Status: Needs review » Needs work
+++ b/core/lib/Drupal/Component/Gettext/PoStreamReader.phpundefined
@@ -205,6 +205,23 @@ class PoStreamReader implements PoStreamInterface, PoReaderInterface {
   /**
+   * Sets the seek possition for the current PO stream.

s/possition/position/g

Otherwise, this patch is awesome, vasi1186++.

vasi1186’s picture

Status: Needs work » Needs review
FileSize
557 bytes
20.22 KB

thx!, updated the patch.

vasi1186’s picture

Issue summary: View changes

Update summary with more meaningful and up to date info.

penyaskito’s picture

Status: Needs review » Reviewed & tested by the community

This is RTBC for me.

attiks’s picture

nice work

vasi1186’s picture

Status: Reviewed & tested by the community » Needs review
FileSize
4.4 KB
20.17 KB

Small change: seekpos -> seek, getSeekPost() -> getSeek(), setSeekPos() -> setSeek().

Gábor Hojtsy’s picture

Status: Needs review » Reviewed & tested by the community

That change was in fact suggested by @webchick to avoid abbreviating names. Looks like should be still back to RTBC then :)

webchick’s picture

Status: Reviewed & tested by the community » Fixed

Ok, spent a bunch of time reviewing this yesterday; sorry I didn't get as far as follow-up/commit.

As Gábor said, one nit-picky thing that stood out was the naming of the getSeekPos() function, but that's been remedied now, so thanks!

The other less nit-picky thing is that anytime I see stuff like this:

+++ b/core/modules/locale/locale.bulk.incundefined
@@ -283,12 +250,29 @@ function locale_translate_export_form_submit($form, &$form_state) {
+ * Sets a batch for a newly added language.
+ *
+ * @param array $options
+ *   An array with options that can have the following elements:
+ *   - 'langcode': The language code, required.
+ *   - 'overwrite_options': Overwrite options array as defined in
+ *     Drupal\locale\PoDatabaseWriter. Optional, defaults to an empty array.
+ *   - 'customized': Flag indicating whether the strings imported from $file
+ *     are customized translations or come from a community source. Use
+ *     LOCALE_CUSTOMIZED or LOCALE_NOT_CUSTOMIZED. Optional, defaults to
+ *     LOCALE_NOT_CUSTOMIZED.
+ *   - 'finish_feedback': Whether or not to give feedback to the user when the
+ *     batch is finished. Optional, defaults to TRUE.
...
+function locale_translate_add_language_set_batch($options) {

...it's usually an indicator that we're overloading a function into doing way too much. It's akin to when we used to have hook_node($op, $node, $a3, $a4) in D6 and below; these were split into hook_node_load(), hook_node_save(), etc. in D7+ and as a result the functions are much more focused and are much more grokkable. It feels like we probably need something similar here.

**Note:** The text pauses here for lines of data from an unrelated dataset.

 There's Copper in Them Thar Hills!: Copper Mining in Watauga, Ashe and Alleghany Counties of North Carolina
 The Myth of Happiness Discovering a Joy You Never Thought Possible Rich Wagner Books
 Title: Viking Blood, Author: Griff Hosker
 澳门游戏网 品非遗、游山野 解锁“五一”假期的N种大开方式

I spoke to Gábor about this, and he acknowledged this concern, but also said that fixing it would require far-reaching changes to the underlying Batch API as well. I actually think that'd make a great follow-up for anyone who worked on this issue, because this capability of processing items in a "series of seeks" (I'm using the wrong words here, but), rather than a big stack of things to do, seems like really useful functionality to have as part of the general Batch API. And if we did that, it's likely we could clean up some of the code here.

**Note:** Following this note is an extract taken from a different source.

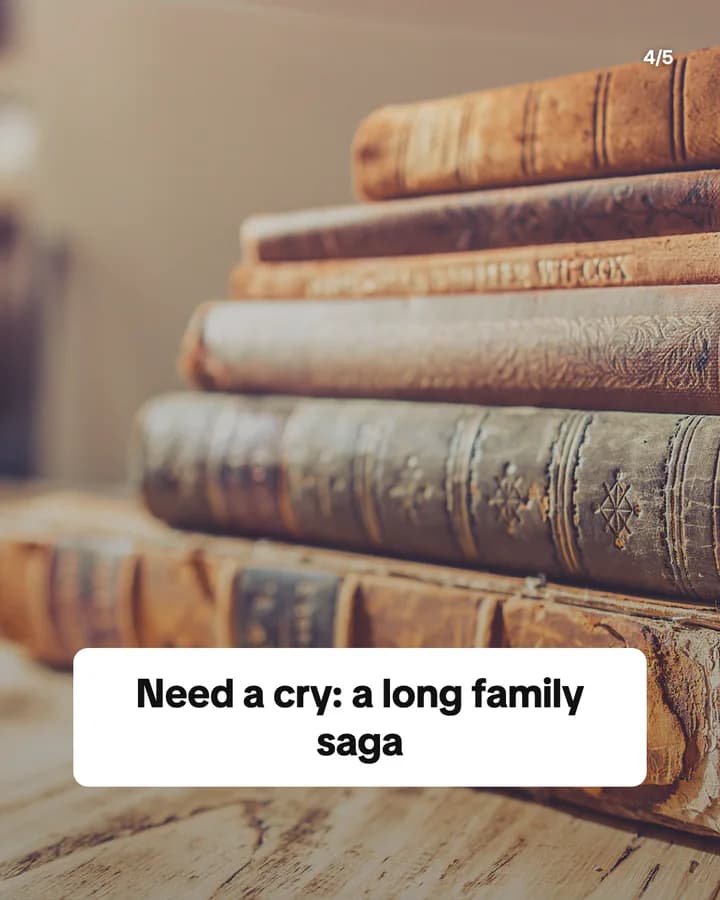 Slide 4: Need a cry: a long family saga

However! None of that is worth holding up this patch, which looks like a great solution to the problem, and these implementation concerns aside, looks good. Therefore..!

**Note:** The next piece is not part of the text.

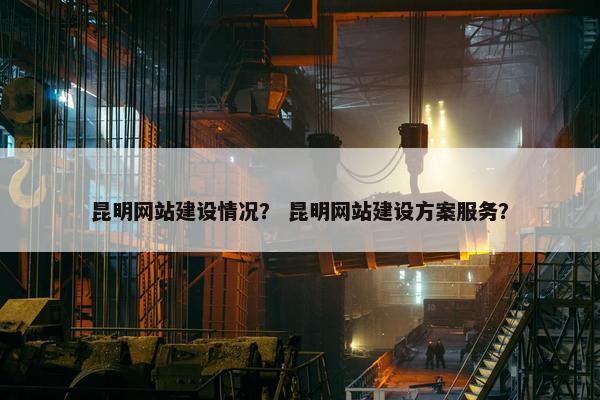 昆明网站建设情况？ 昆明网站建设方案服务？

Committed and pushed to 8.x. Thanks! If we could get a follow-up issue to introduce this functionality into Batch API "proper" though, that would be awesome. (Even more awesome if some folks here who had to understand the existing batch API to write this could help push that issue along with at least some pseudocode/description of how it could work, before you all forget everything you learned. :D)

Gábor Hojtsy’s picture

Status: Fixed » Needs review
FileSize
685 bytes

Yay, thanks. Here is a CHANGELOG.txt followup :) Not sure the text is ok, but this should be quick to review.

webchick’s picture

Status: Needs review » Fixed

Text looks good to me!

Committed and pushed to 8.x.

Status: Fixed » Closed (fixed)

Automatically closed -- issue fixed for 2 weeks with no activity.

Gábor Hojtsy’s picture

Issue tags: -sprint

Off the sprint then, thanks all!

Gábor Hojtsy’s picture

Issue summary: View changes

More up to date solution explanation.